### WHAT THE TASK ASKS:
An exact copy, beginning at the line containing "Certified 2023 Ford" and ending at the final line of the records that follow, is the answer; it has no pictures and no other text.

### MATERIAL PROVIDED:
:::
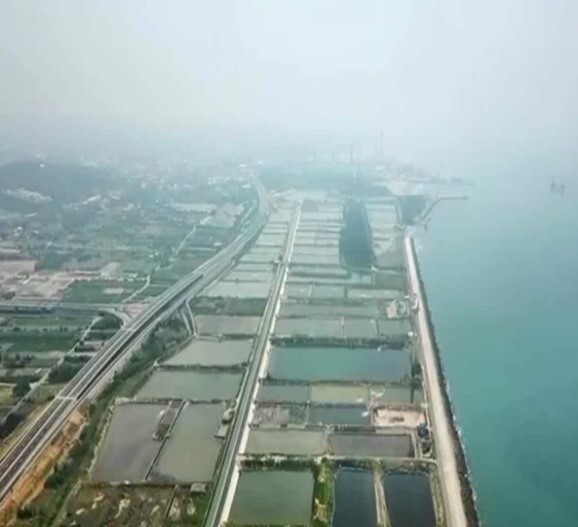 苗栗縣通霄海水養殖專業區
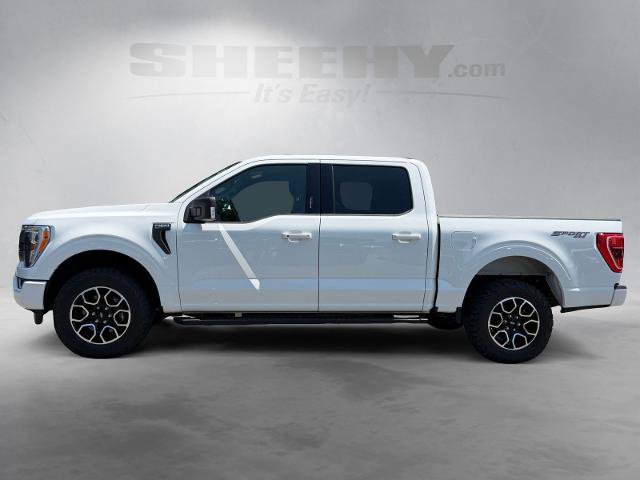 Certified 2023 Ford F150 XLT w/ Equipment Group 302A High AWD/4WD image 16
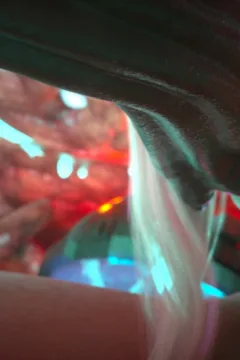 Passion of the Flesh 2 (84)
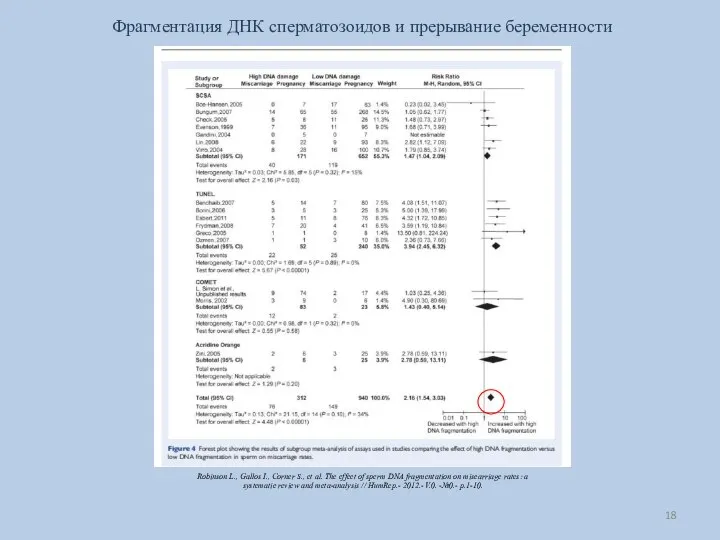 Фрагментация ДНК сперматозоидов и прерывание беременности Robinson L., Gallos I., Corner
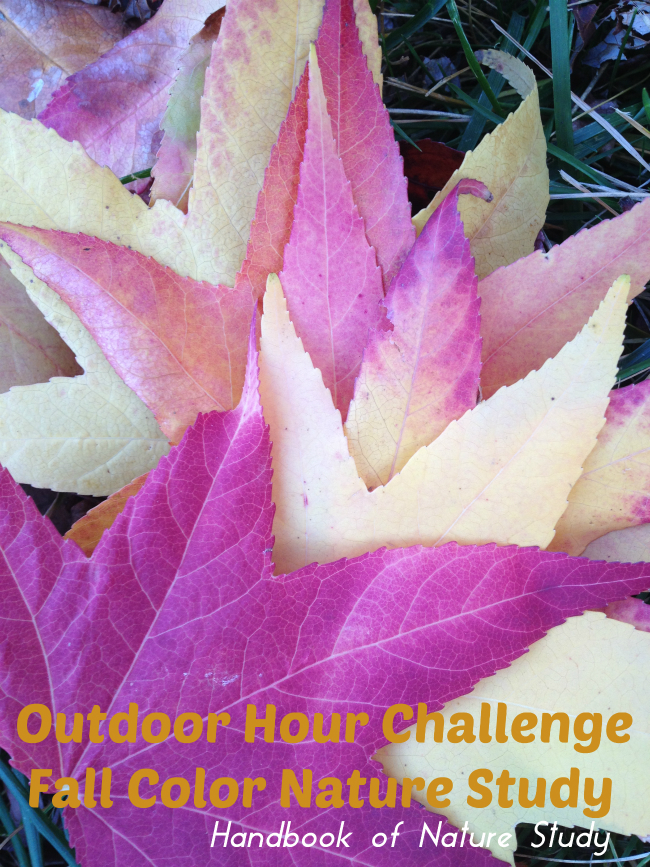 Outdoor Hour Challenge Fall Color Nature Study @handbookofnaturestudy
:::
### EXERCISE SOLUTION:
 Certified 2023 Ford F150 XLT w/ Equipment Group 302A High AWD/4WD image 16
 Passion of the Flesh 2 (84)
 Фрагментация ДНК сперматозоидов и прерывание беременности Robinson L., Gallos I., Corner
 Outdoor Hour Challenge Fall Color Nature Study @handbookofnaturestudy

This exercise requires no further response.